Cracked Writer Questioned By Secret Service Agents Over Humorous Article About Kidnapping President's Daughters
from the someone's-still-reading-the-entire-internet-every-day dept
Defenders of national surveillance have often asserted that the government (specifically, its intelligence and investigative agencies) isn’t interested in your “emails/phone calls to Grandma” or your “cat videos.” It’s a stupid dodge which attempts to portray internet surveillance as only focused on legitimate threats to national security.
But the surveillance is omnipresent, and even those who would have honestly felt the government was unconcerned with their internet activities sometimes find themselves being questioned by Secret Service members over humorous articles that dared to invoke the word “President.”
Cracked writer Daniel O’Brien, due to certain preoccupations with very specific subject matter, found himself chatting with two government agents due to a previously published humorous article (since removed, but archived here) that dealt with kidnapping the president’s daughter. This, combined with research for his book, apparently got him flagged in a national security database.
I wrote a book about president fighting called How to Fight Presidents, which just came out today. It’s a comedic nonfiction book that teaches you, appropriately enough, how to beat the crap out of every single lunatic who ran this country.
Or not every president. People who buy the book (which you can do right here or here) might notice that I’ve curiously left out every president that’s still alive currently. Well, when you do the kind of research associated with this subject matter (Google “Bill+Clinton+weaknesses”), certain flags are raised, flags that the government takes notice of…
I won’t get into the specifics of the article, but it was sort of a “how to” guide and has since been taken down (I’ve no doubt someone in the comments will clarify which article I’m talking about). In addition to having to take the article down, I also get stopped and pulled aside at airports five out of six times that I fly.
The end result was the Secret Service contacting Cracked’s HR department in hopes of reaching O’Brien to “discuss” his “lightly treasonous” article. O’Brien’s first contact with the Secret Service was via a phone conversation with an agent who explained (rather sympathetically) that while the agency had the capability to recognize satire, it had the duty to run out every ground ball, so to speak.
“I just mean I’m not some, I don’t know, government dud. Believe it or not, I’ve got a sense of humor; most of us do around here. I know it’s a comedy website, I know you’re doing jokes. It just so happens that it’s my job to pay attention when certain … concepts are brought up online. That article, combined with your fascination with fighting presidents … well, that’s the kind of thing I need to know about.”
However, his next stop was a trip to downtown Los Angeles to meet with two Secret Service agents who weren’t quite as blessed in the humor department. The two agents were clearly taking the situation as seriously as anyone can take subject matter that describes President Jimmy Carter’s daughter escaping a kidnapping vessel by “slicing through the ocean like a goddamned dolphin.”
When O’Brien attempted to defend his humorous article by stating it was full of “impractical” and “useless” advice, the agents took it as an admission that he knew plenty of practical and useful ways to pull off the kidnapping of a First Child.
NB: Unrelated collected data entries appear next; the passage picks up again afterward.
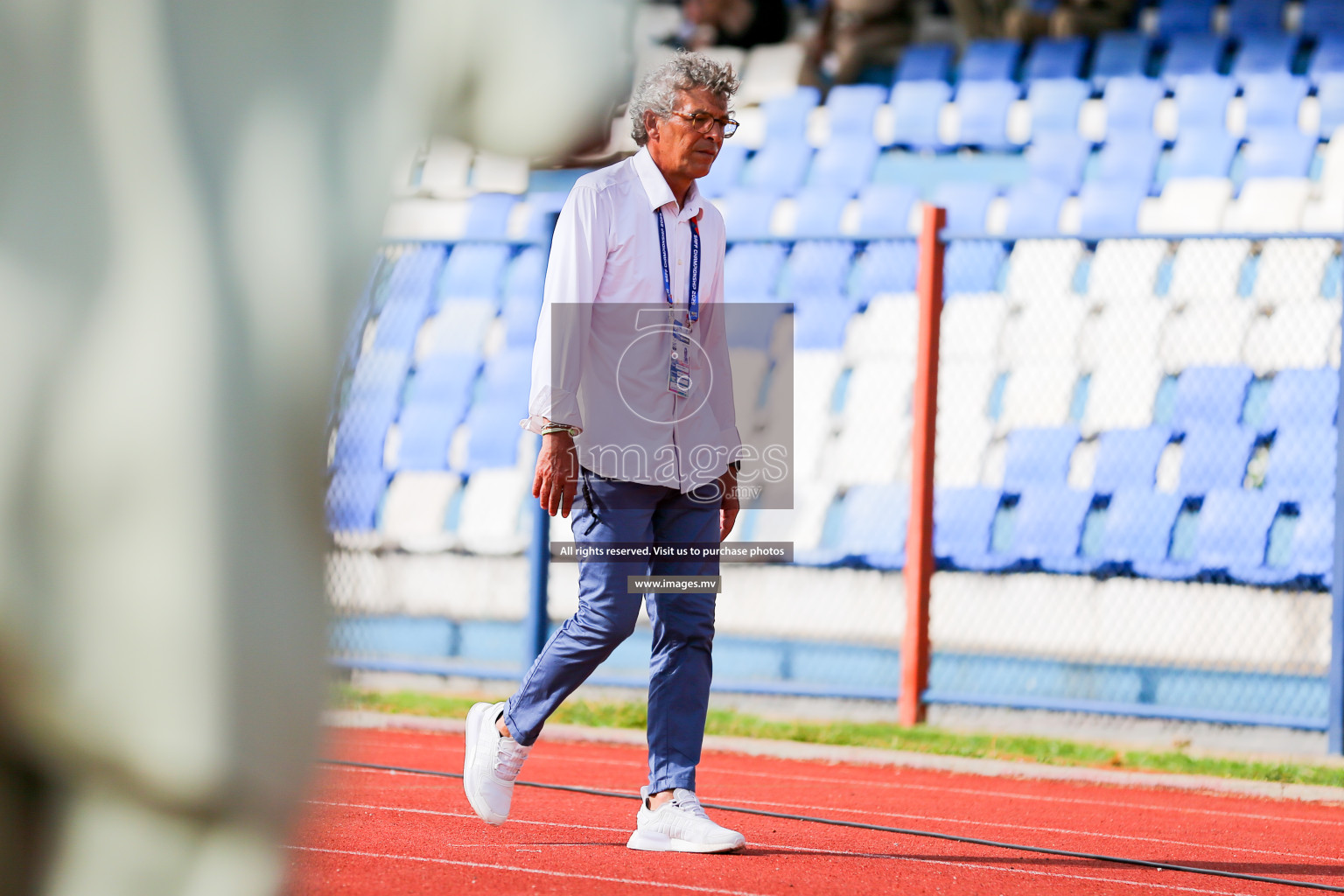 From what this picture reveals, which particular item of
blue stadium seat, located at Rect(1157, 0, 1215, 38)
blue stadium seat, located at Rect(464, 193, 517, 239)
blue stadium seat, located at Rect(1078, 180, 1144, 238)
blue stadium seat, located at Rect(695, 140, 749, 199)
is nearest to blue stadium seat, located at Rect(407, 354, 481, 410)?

The innate ability of the agents to use his own answers against him, as well as their apparent innate lack of a sense of humor, led to O’Brien being asked unanswerable questions like this one:
“In entry #2,” Agent Hardass began, “you point out a number of common mistakes people make when breaking into the White House, including, quote, leaving either too much or not enough semen around, end quote. Why did you say that?”
Nothing makes a joke funnier than a long explanation of what’s funny about it, and apparently O’Brien was forced to live through this particular form of post-joke hell for a majority of the two hours he was questioned.
If you’ve ever wondered what it’s like to watch comedy as a concept die, I can assure you it’s me sitting in a freezing room explaining to two angry government agents why “murder-boner” is an inherently more richly comedic pairing of words than “death-erection.”
After exhausting the comedy-or-threat possibilities of O’Brien’s article, the agents went on to more easily-answered (but equally difficult to prove) questions like, “Are you a terrorist?” and “Are you affiliated with any terrorist groups?” And… “Do you have the skeleton of Pocahontas stashed in your closet?”
So, all’s well that ends well, I suppose, but O’Brien will likely be rewarded for his anti-presidential writings with extra attention at airports and a heightened sense of (mostly justifiable) paranoia. The government may not care about cat videos and grandma, but it still takes every joke about certain subject matter very seriously.
The NSA (and others) may claim they grab more data than content, but all this limitation really does is ensure your content and data will be completely divorced from their context. O’Brien wrote obviously satirical articles about presidents and had to go explain humor to Secret Service agents. Anyone else who says something that trips the surveillance triggers is now a potential national security target, and at the mercy of agencies that can work backwards through thousands of datapoints and content snippets, completely free to construct their own narrative from the context-free information just sitting around on their servers.